I went for a walk this afternoon around my neighborhood with the for sale signs and the people moving out. I wondered where all the people go. I know some people who lost their jobs, homes and then moved away. I know people who lost jobs, homes and stayed but downsized. When I think about the changes to my affluent town I am frequently reminded of the changes in Zimbabwe. I also recently happened to finally have watched the movie Mugabe and the White African which chronicles the case of Ben Freeth and the SADC tribunal ruling on Land Reform in Zimbabwe. It occurred to me, while I was walking in my neighborhood, that America has created a kind of Land Reform program of its own. It has redistributed property from American families to banks. This redistribution of land has many similarities to the program of Land Reform in Zim.

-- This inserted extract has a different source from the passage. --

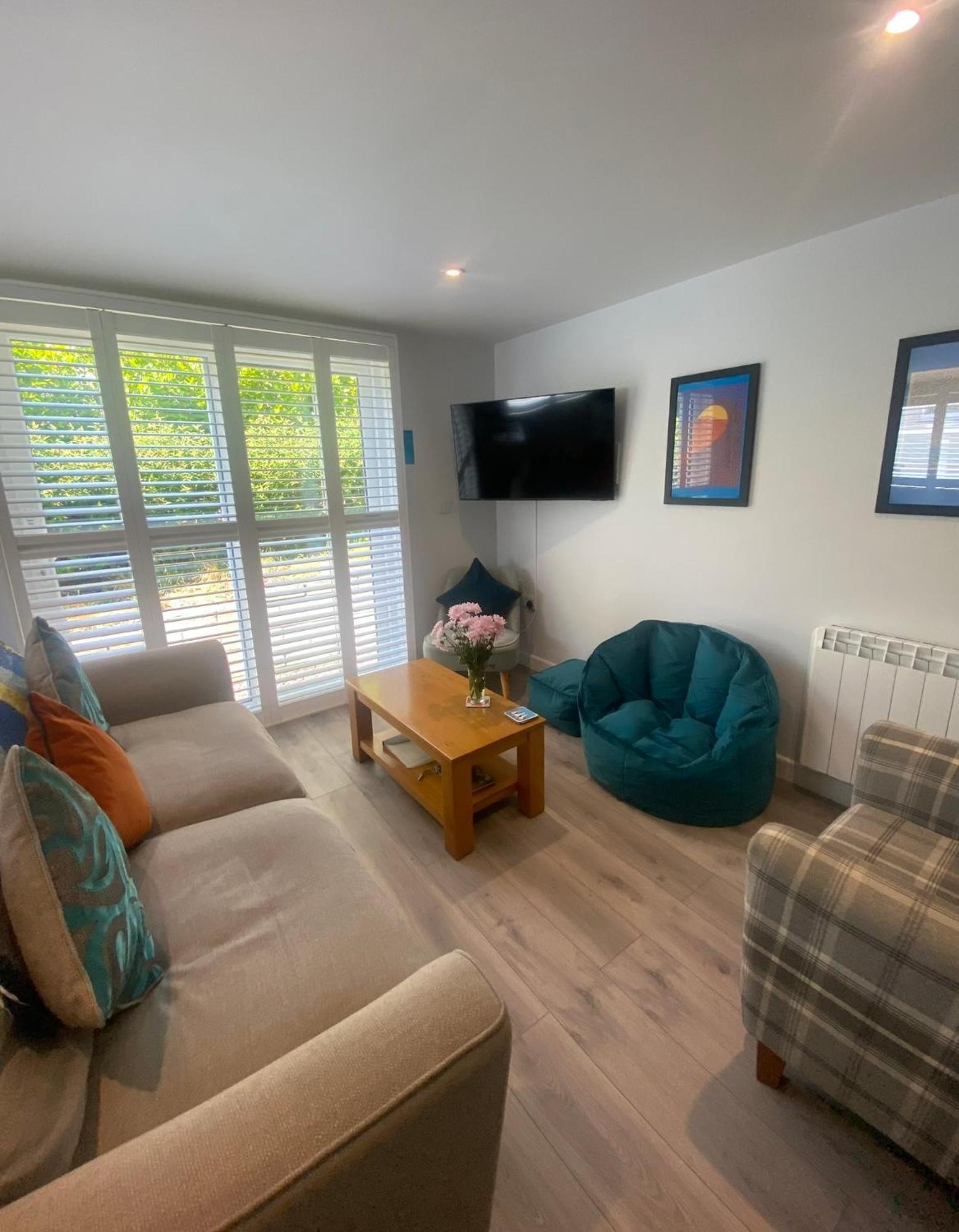 Mawgan Porth Apartments Extérieur photo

My neighbor has had it share of foreclosures but I failed to find out exactly how many of the years. Recent statistics show that 1 in every 303 housing units in the state of California is foreclosed.   That sounds like a lot to me. I wonder who gets those properties? If a home is foreclosed it goes back to the bank who held the loan or mortgage. So the banks now own the house. Banks like Bank of America, Wells Fargo, Bank of New York, and JP Morgan are beneficiaries of foreclosure. They now own those properties.

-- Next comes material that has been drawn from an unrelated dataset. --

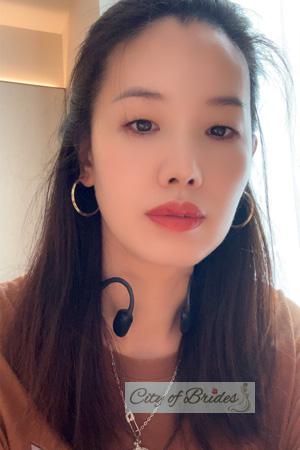 225301 - Lina Age: 44 - China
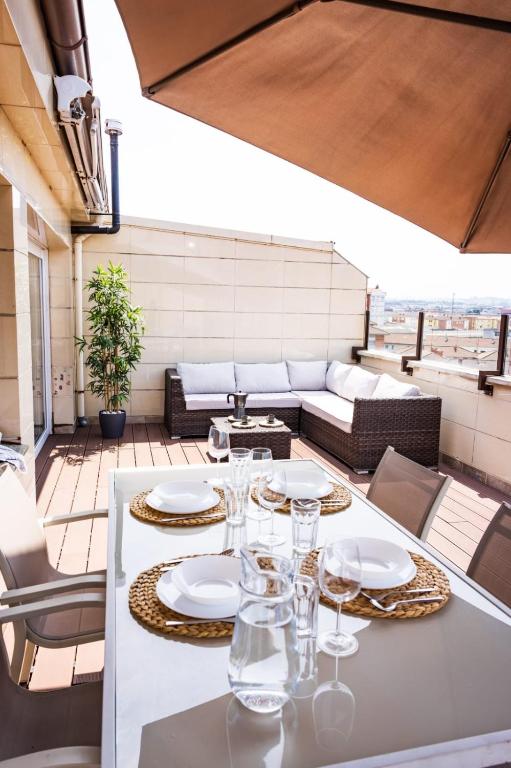 Lujoso ático entre 2 playas con garaje, terraza, vistas y wifi - Ferienwohnung Gijón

It is true that some properties are resold to new American homeowners, about 33% of sales are resales from foreclosures. So what happens to the balance? What if the banks own them ? What does it mean socially, politically and economically that banks own so much property in California?

The new sub-prime mortgage loan process that relaxed lendee credit and income requirements was spearheaded by banks and mortgage lenders. Now the banks own those failed mortgage lenders and the banks own the homes as well. The US government permitted this through its determination not to regulate.

Homeowners have tried to sue banks and argue to keep their homes because of the deficiencies in the assignment of mortgages to MERS the mortgage electronic registration system leaving the bank not with the title but the homeowner. These cases are not successful as the courts do not support the homeowner but instead support the bank in order to maintain the status quo.

It's official. I do live in Africa. Let's go through the similarities between the land reform programs.

The government of Zimbabwe passed laws to redistribute land. The US government failed to regulate MERS and the entire driver of the subprime lending fiasco, collateralized debt obligations. Both government activity of failure to act resulted in homeowners losing their homestead and suing in the courts.

Both land reform programs, one intentional one incidental, resulted in courts being slow to see the homeowners point of view. Africa is actually ahead of the game on this point. SADC declared land reform illegal in Zim. In the US, the courts pretty much rubber stamp foreclosures.

Lawyers have been trying to argue for more scrutiny by courts in these cases in order to recognize the numerous legal deficiencies in the foreclosure process giving an advantage to the banks. But these cases are few and far between.

The US land reform program resulted in transferring property to banks. In Zim, former white owned farms are redistributed to indigenous Zimbabweans, who sometimes also work for the Zim government. Two programs that may have had one purpose to begin with or on their face, but resulted in the same thing: dispossession, economic downturn and a complete lack of faith in the process and rule of law.